CHAPTER XI.

It will readily be seen that to take firmly the position that realities may be devoid of materiality involves a great deal, and those who endeavor to prevent this thought from taking root in any particular mind are apt to hold up before him examples of the immaterial which are not real. Most dreams are of this nature. Their confused outlines make temporary impressions on the memory and are then forgotten. But we have not to do with such as these. We recognize that real things may be material, such as certain houses, lands, or mountains, and that unreal things may be immaterial, like passing dreams just spoken of; but the immaterial which is none the less real is what we bring into view. And if we are ready to admit, or to go further and declare, that reality and materiality are not necessarily conjoined, we are then ready to give a fair hearing to the statement that a real but immaterial world, inhabited by real but immaterial beings, is in closest relations with our own.

These real but immaterial beings, because they are real and intelligent, are possessed of the primal attributes of all intelligent beings: they have memory, feeling, emotion, will.

In power they differ widely from each other, and in their essential character there are as many shades of difference as with mortals.

Let us speak first of their power. This is mostly exercised in their own field, that of the immaterial, yet to suppose that it is any the less real in its effects upon our lives is to forget how small a part our senses directly play in influencing our motives. The end and object of our efforts may be to obtain the means to gratify our senses or those of our friends, but the process through which we are obliged to work is so complicated, it involves the play of so many forces, it brings us into relations with so many people, each with his own plans and purposes, that we are continually making decisions based upon what we consider as probable, rather than certain, results. This is the opportunity of the spirits, and we often discover that all our efforts have simply tended to the advancement of others, while we are left in the lurch. The man who keeps his temper under such circumstances may be favored by the receipt of a thought-message. It enters his mind as ideas do, with a flash, and if he is wise he will carefully elaborate it into words. I have been working for myself only, bending everything as far as possible to my own enrichment. Others have been doing the same. What right have I to complain if they have done with me, by their superior power and foresight, what I have tried to do with them? None at all.
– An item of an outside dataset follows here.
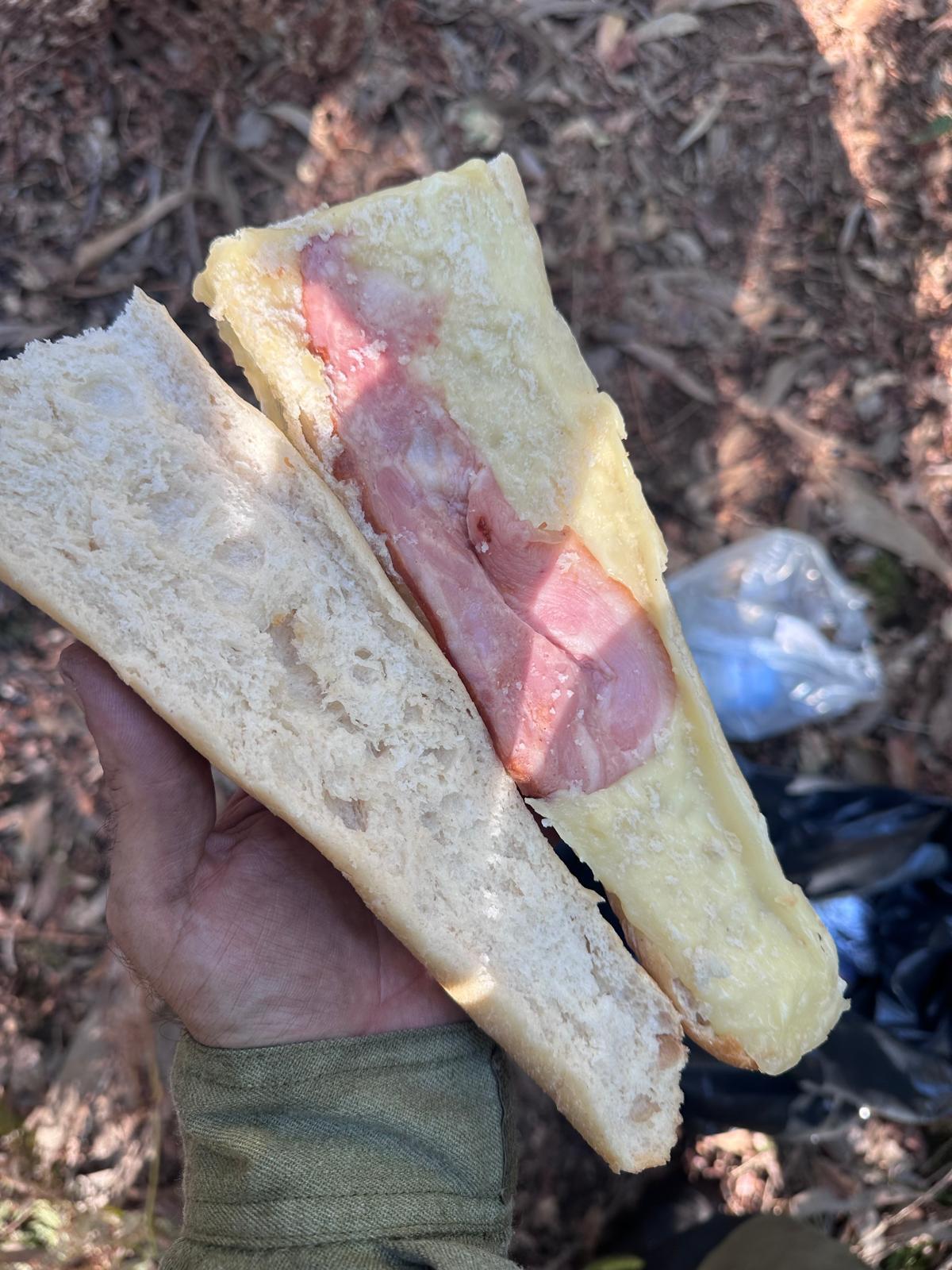 Un bocadillo que recibió en Bueu un trabajador del SPIF.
Morally we are on the same level. Let this misfortune be a lesson to me. Henceforth I will at least make an effort to do as I would be done by.
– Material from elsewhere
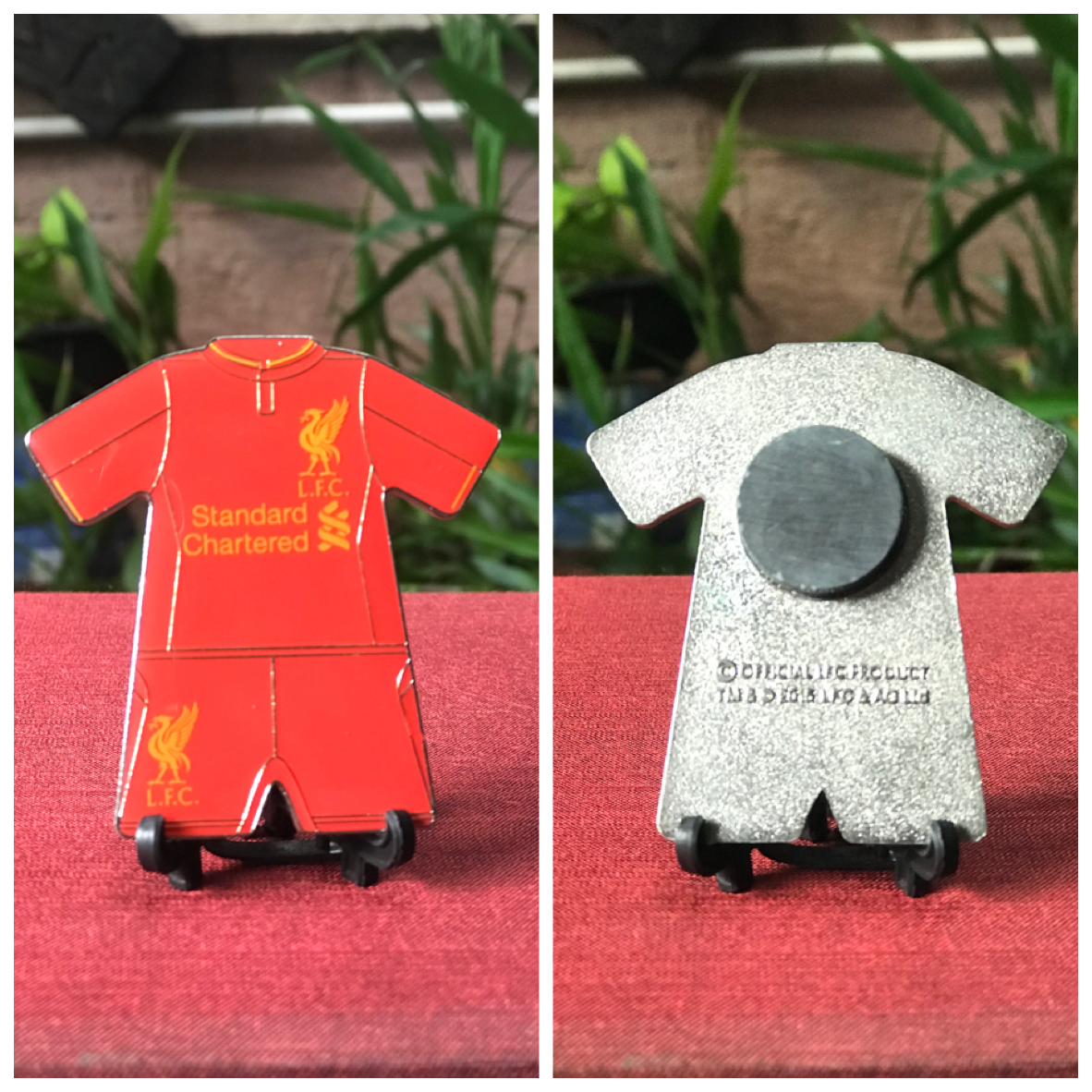 ￼แม่เหล็กติดตู้เย็นสโมสรลิเวอร์พูล LFC Home Kit Magnet/enameled metal with a butterfly clasp fitting / Liverpool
As he makes this resolution, a warm glow suddenly pervades his being. He feels at once lighter and stronger, and then perhaps he does a little thinking for himself. "If I believed in angels, I should say that they were near, and touched me then; I never felt anything like it." Little does he suspect the truth, that the whole idea which he so carefully elaborated in his mind had been flashed into it from without by an angel-friend, and that when it had borne its natural fruit in a good resolution, it became possible for the same friend to convey to him a touch of her own delight.

It may be objected that illustrations like these prove nothing as to the source of the experience; that to deny that invisible intelligences so play upon men is as rational, or more so, as to say they do. But we are not limited to such comparatively indefinite evidence. For nearly fifty years it has been permitted, or commanded, or both, that these invisible beings should demonstrate the reality of continued existence, and they have been doing so in a great variety of ways. For particulars, reference is made to the periodical literature devoted to the subject, and to the scores of books which have been written upon it.